Negative_Call584@reddit
Yes in general - but I have seen plenty of insurance companies making stupid demands for cyber cover - one of the most egregious wanted us to open port 3389 to our DC so that their «analysts» could connect to the domain admin accounts they also wanted, they also wanted us to provide them a global admin account for 365. lol no. Fortunately SLT were amenable to speaking with an insurer that has actual experience of cyber / tech risks.
jonowelser@reddit
Jesus I hope those requests were actually just an elaborate test where standing your ground and refusing was the only way to pass.
āWhoa you actually considered those absurd requests? No way weāre insuring you nowā
ApricotPenguin@reddit
I'm sure those things you've been trying to push for are also required for insurance ;)
RabidBlackSquirrel@reddit
Welcome to the realities of security and risk management, where compliance requirements, insurance requirements, customer requirements, and regulations almost always lag behind best practices.

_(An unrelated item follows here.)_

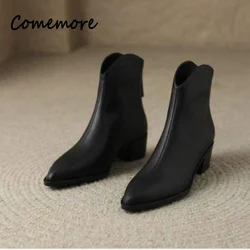 Comemore New Women's Ankle Boots Casual PU Women Shoes Autumn Fleece-lined Boots Sexy Pointed Chunky Heel Shoe Zip Short Booties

We still do 90 day password resets. Why? Because like, half of our customers demand that we do it or we can't engage with them (banks). We exist to make money, so we do it.

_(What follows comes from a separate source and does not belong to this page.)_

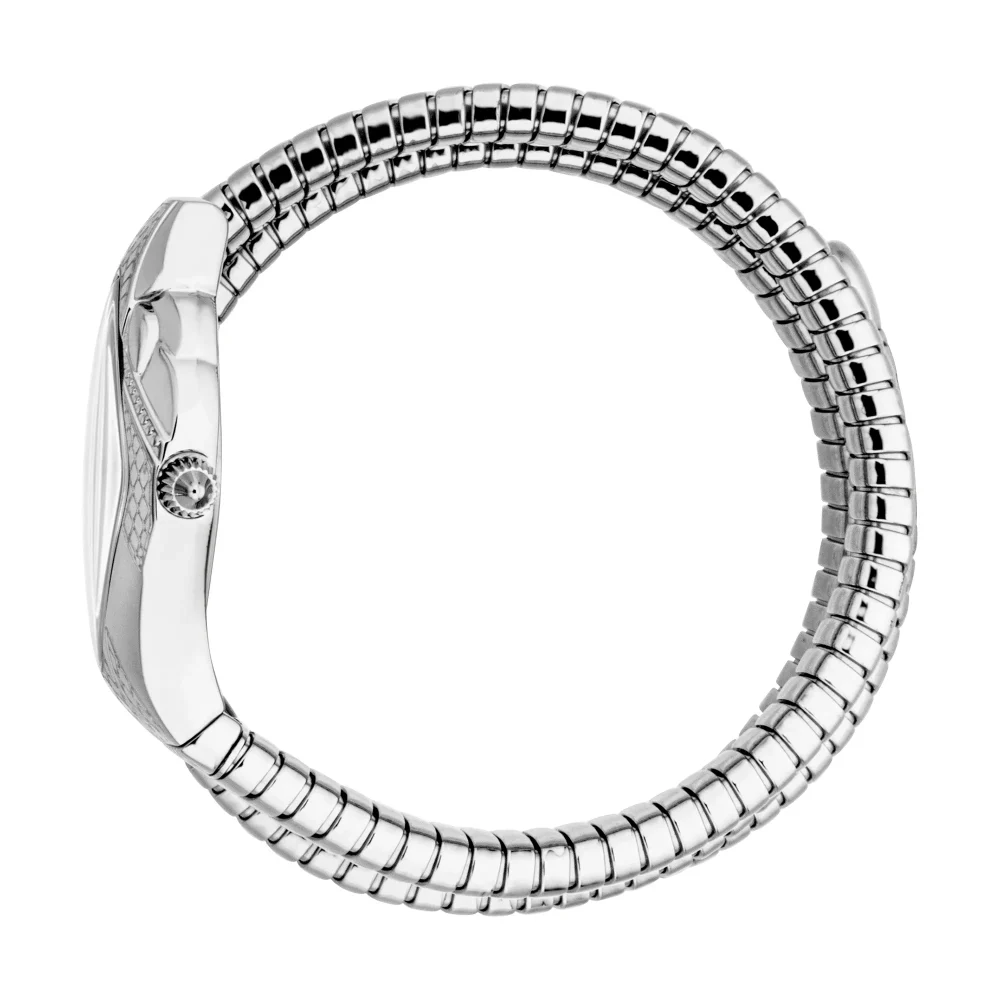 Just Cavalli Signature Snake Cristallo Ladies Fashion Watch - Silver JC1L307M0015 video360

The art of it all is in complying with whatever shenanigans you have to in order to conduct business, while designing controls that cover for the shortfalls of having to meet legacy rules. We also do like, five factor authentication at this point so to further my example, password reset time is largely just annoying rather than creating any real vulnerability. Password, plus MFA authenticator, plus physical location validation, plus device validation, plus device compliance checks, all tied into every system.
It's really, really easy to look at something from the outside like "lol what an idiot that guy must be, making us have insert antiquated control here". You also have no idea on the context behind it, or understanding of the business case that needs to be weighed against the ask. And that's what's really hard for technical people to grasp, as a group we tend to only look at the specific, literal thing right in front of us and go "lol 90 day resets is the dumb" in the case of my example.
sir_mrej@reddit
"where compliance requirements, insurance requirements, customer requirements, and regulations almost always lag behind best practices."
And where Cybersecurity and IT can be seen as a cost center, so doing the bare minimum to get insurance costs down IS required.
We work for companies, not for places-that-want-perfect-cybersecurity.
Walbabyesser@reddit
Nope
Statically@reddit
Yes
Zaphod1620@reddit
This is normal. Hopefully you are doing reasonable changes to protect your org in addition to whatever nonsense your cyber insurance requires. We have some audit reports that we have to produce that are absolutely meaningless, but if we don't provide it, we don't have insurance. It is what it is.
asic5@reddit
Better than not making changes because it might inconvenience the business.
Insurance requests the minimum for security. If you are unwilling to pass that bar, you should find another job.
Accomplished_Sir_660@reddit
Its always about the money.
I know of managers that had to terminate people because their healthcare was costing too much. Illegal? Sure, but it happens because its always about the money
BrainWaveCC@reddit
I feel your pain, but not having insurance, or having stupid high premiums also impacts the organization.
Get it out of your head that any organization ever evaluates privacy and security from a purist standpoint. It never happens, and will never happen.
We live in a world of compromise that is beholden to money -- that's always going to be a factor.
No_Investigator3369@reddit
This is why I am thinking about paying for a qualys or tenable licensable product and just running my own drop in security scan product as a service. The sole purpose of this is just to undercut the competitors. And give the report of course.
admlshake@reddit
Typically it's more about "what will inconvenience me the least" and that includes VP's and managers complaining to him. But yes, we've certainly implemented things for insurance reasons.